I'd like the data below restated word for word, with the pictures left out.

# Given information
--- START ---
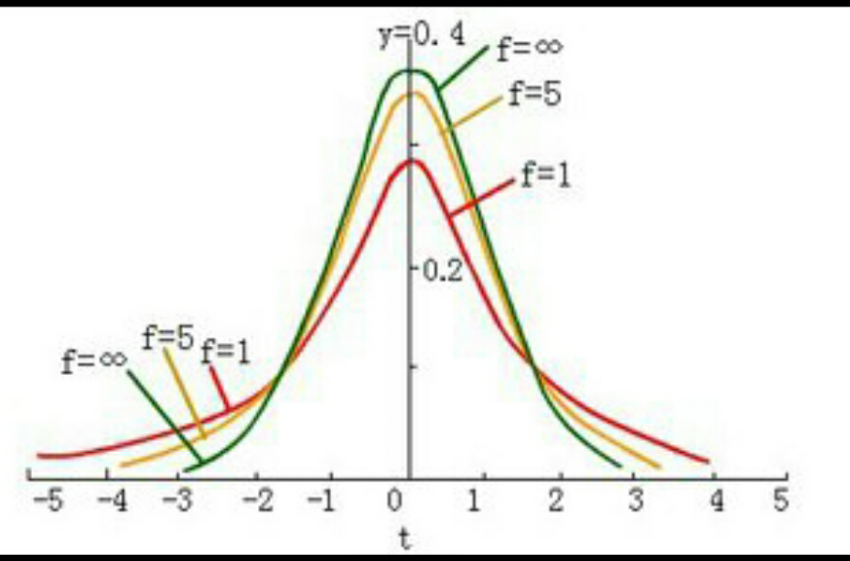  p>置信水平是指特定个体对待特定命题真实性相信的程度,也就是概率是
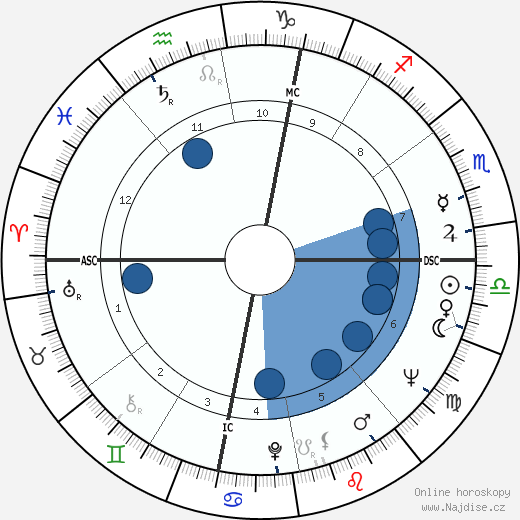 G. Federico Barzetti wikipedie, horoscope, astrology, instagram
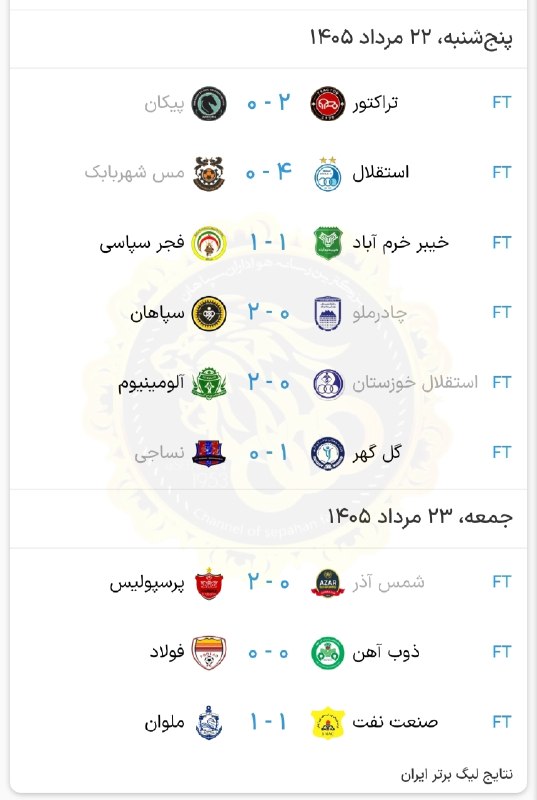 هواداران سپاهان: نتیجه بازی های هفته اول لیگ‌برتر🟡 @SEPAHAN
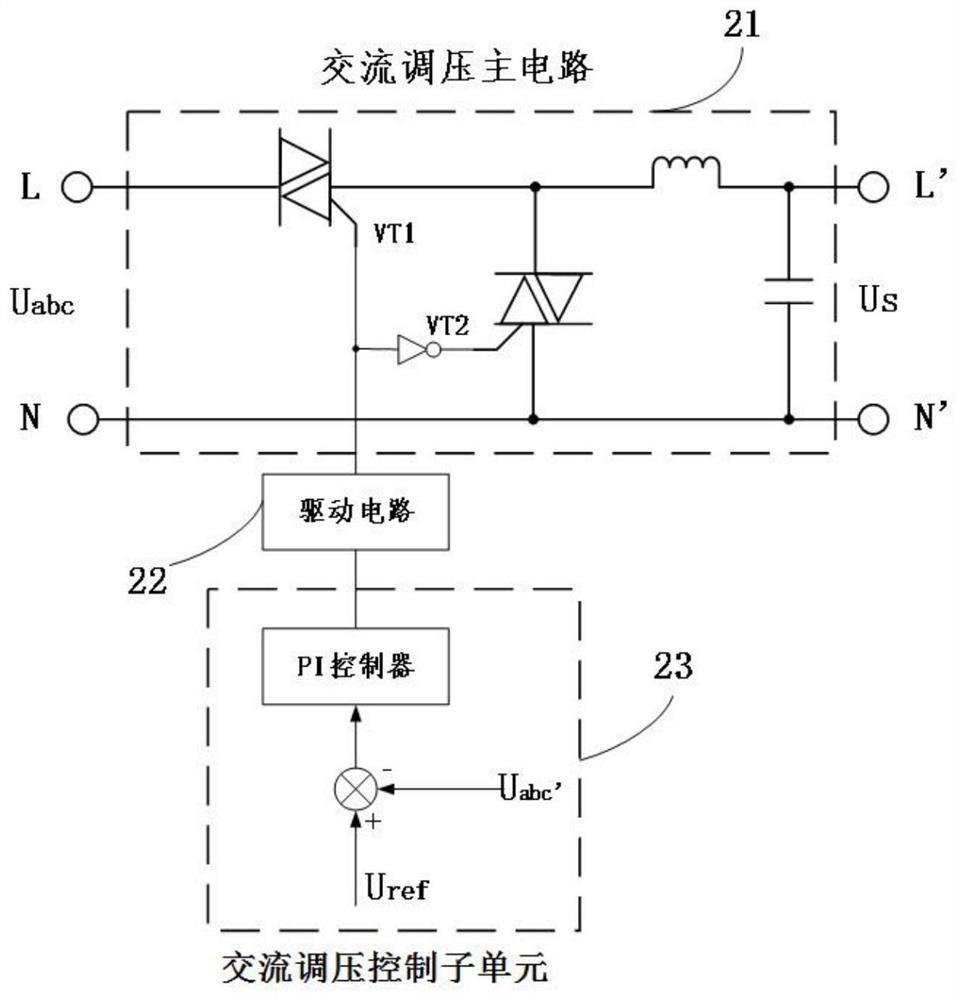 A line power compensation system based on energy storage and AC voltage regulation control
--- END ---
# Problem solution
  p>置信水平是指特定个体对待特定命题真实性相信的程度,也就是概率是
 G. Federico Barzetti wikipedie, horoscope, astrology, instagram
 هواداران سپاهان: نتیجه بازی های هفته اول لیگ‌برتر🟡 @SEPAHAN
 A line power compensation system based on energy storage and AC voltage regulation control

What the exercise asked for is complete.